Chief Justice of the Supreme Court of the Commonwealth of the Northern Mariana Islands
- In office 1999–2011
- Appointed by: Pedro Tenorio
- Preceded by: Marty Taylor
- Succeeded by: Alexandro Castro

Associate Justice of the Northern Mariana Islands Supreme Court
- In office 1998–1999
- Appointed by: Pedro Tenorio
- Preceded by: Pedro Atalig
- Succeeded by: John Mangloña

Personal details
- Born: Miguel Sablan Demapan c. 1953 Saipan, Trust Territory of the Pacific Islands (now Northern Mariana Islands)
- Died: June 30, 2012 (aged 58–59) Saipan, Northern Mariana Islands
- Education: Seattle University (BA) Golden Gate University (MBA) Santa Clara University (JD)

= Miguel S. Demapan =

American judge

Miguel Sablan Demapan (c. 1953 – June 30, 2012) was Chief Justice of the Supreme Court of the Commonwealth of the Northern Mariana Islands from 1999 to 2011.

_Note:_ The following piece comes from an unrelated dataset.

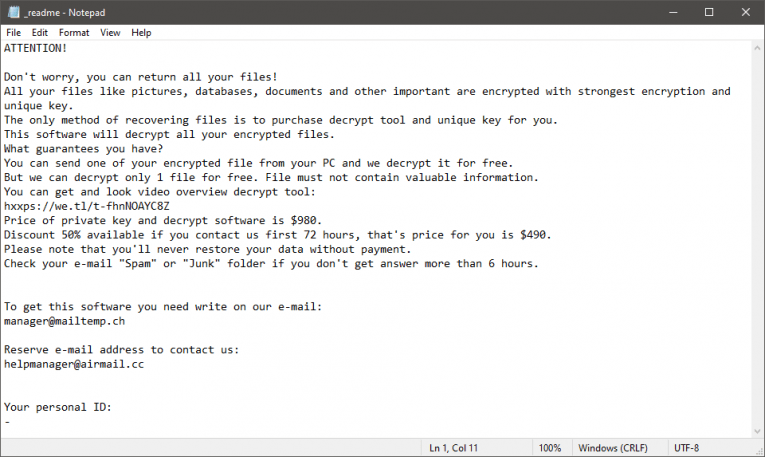 Pooe Ransomware 勒索说明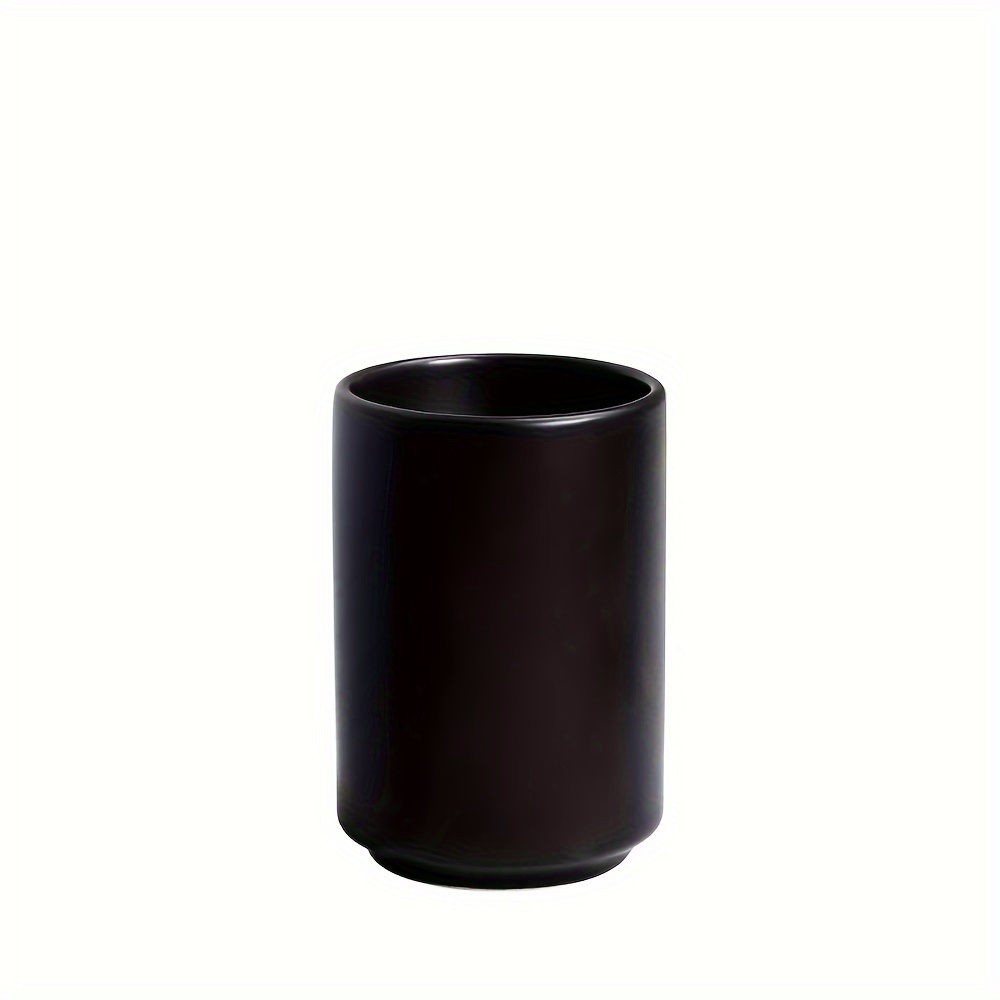 

1pc Black Ceramic Bathroom Tumbler, 260ml Modern Toothbrush Holder, Simple And Elegant Design, Durable Ceramic Mug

Born on Saipan, Demapan attended Marianas High School, obtained a Bachelor of Science from the Seattle University in 1975, an MBA at Golden Gate University in 1983, and a JD from Santa Clara University in 1985.

Demapan returned to the Mariana Islands to practice business law. He was called to the judiciary in 1992 as an Associate Judge of the Commonwealth Superior Court, and in 1998 as an associate justice of the Supreme Court. He became Chief Justice in 1999 after being appointed by Governor Pedro Tenorio.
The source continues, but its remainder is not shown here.